_TASK STATEMENT_: The data below is to be transcribed word for word; pictures are to be excluded.

_PROVIDED MATERIAL_:
[Start of section]

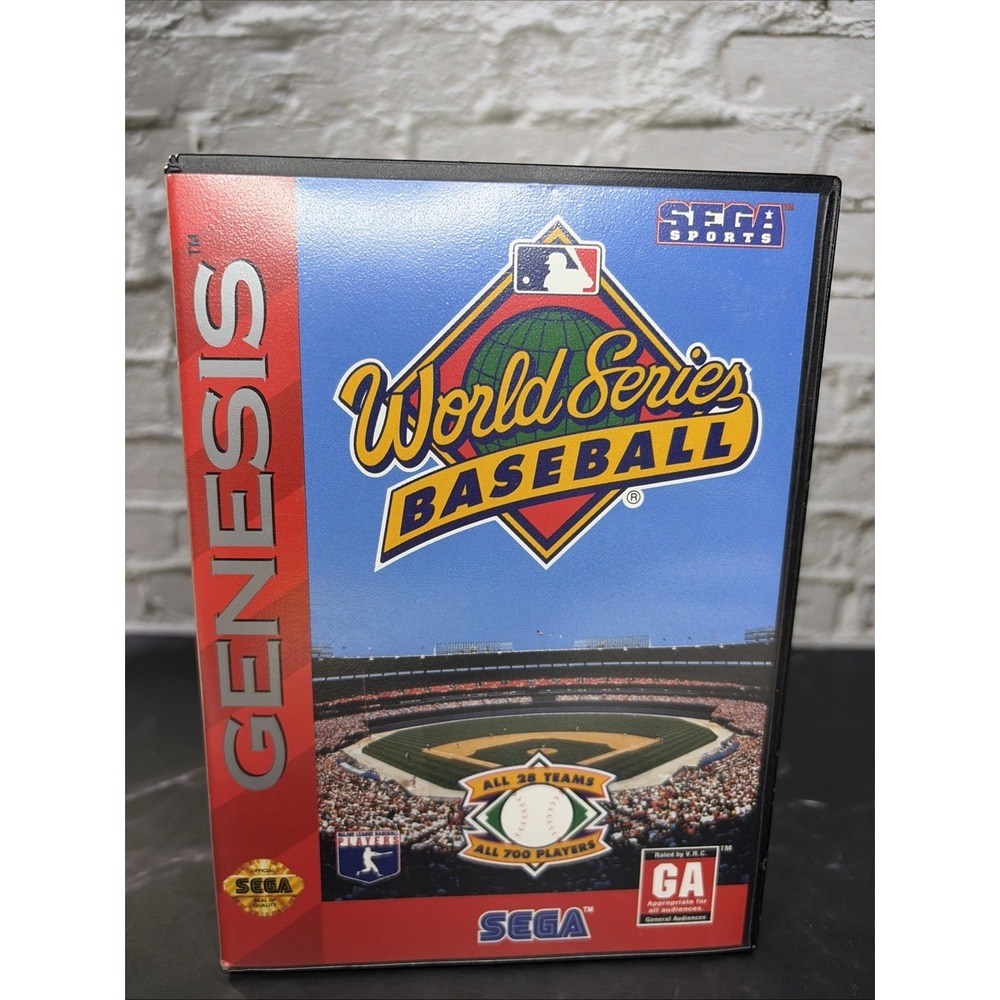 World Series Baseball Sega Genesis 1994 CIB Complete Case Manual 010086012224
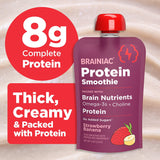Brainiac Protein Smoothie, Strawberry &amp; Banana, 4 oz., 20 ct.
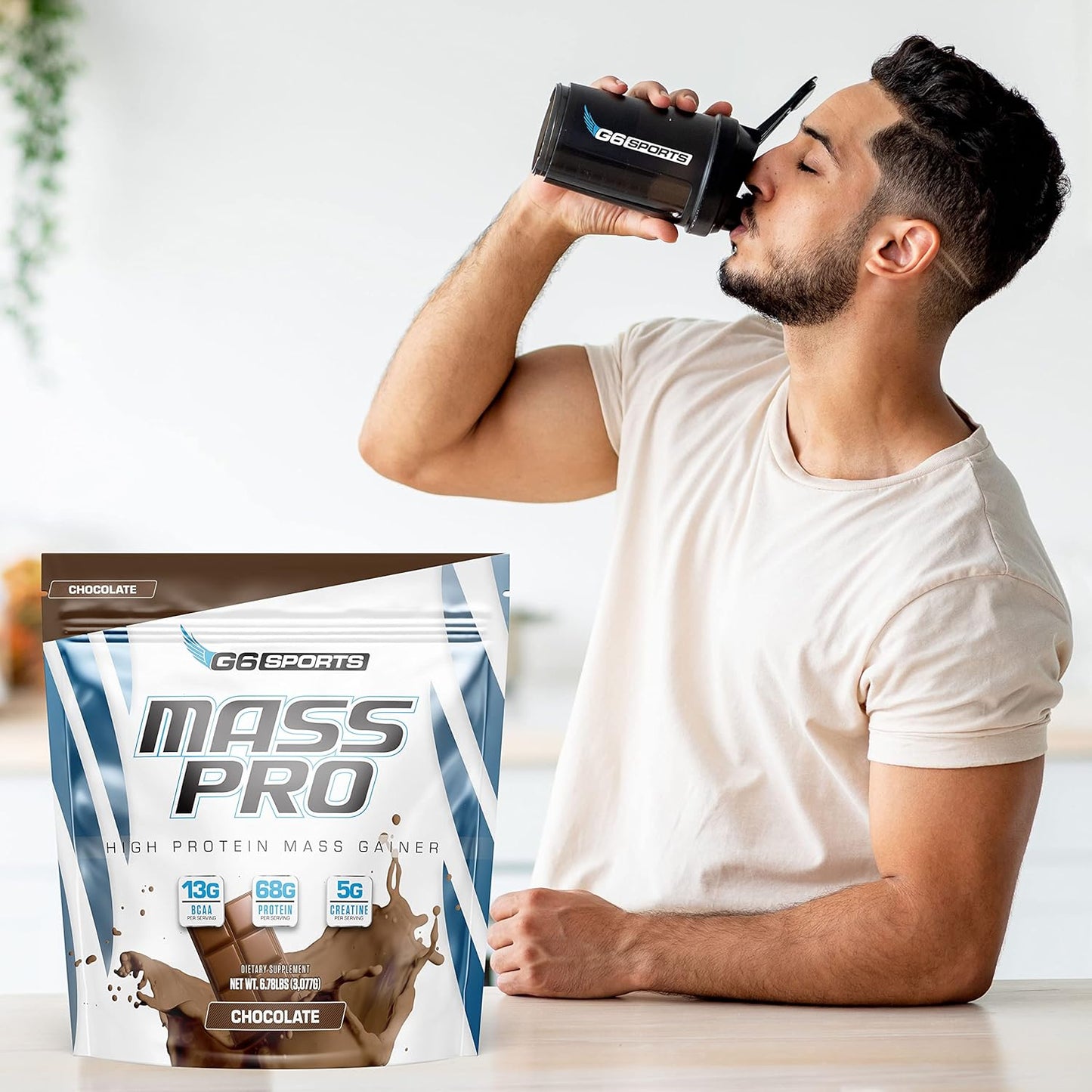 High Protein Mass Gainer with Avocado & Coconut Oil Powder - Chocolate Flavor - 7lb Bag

[End of section]

_YOUR SOLUTION_:
 World Series Baseball Sega Genesis 1994 CIB Complete Case Manual 010086012224
Brainiac Protein Smoothie, Strawberry &amp; Banana, 4 oz., 20 ct.
 High Protein Mass Gainer with Avocado & Coconut Oil Powder - Chocolate Flavor - 7lb Bag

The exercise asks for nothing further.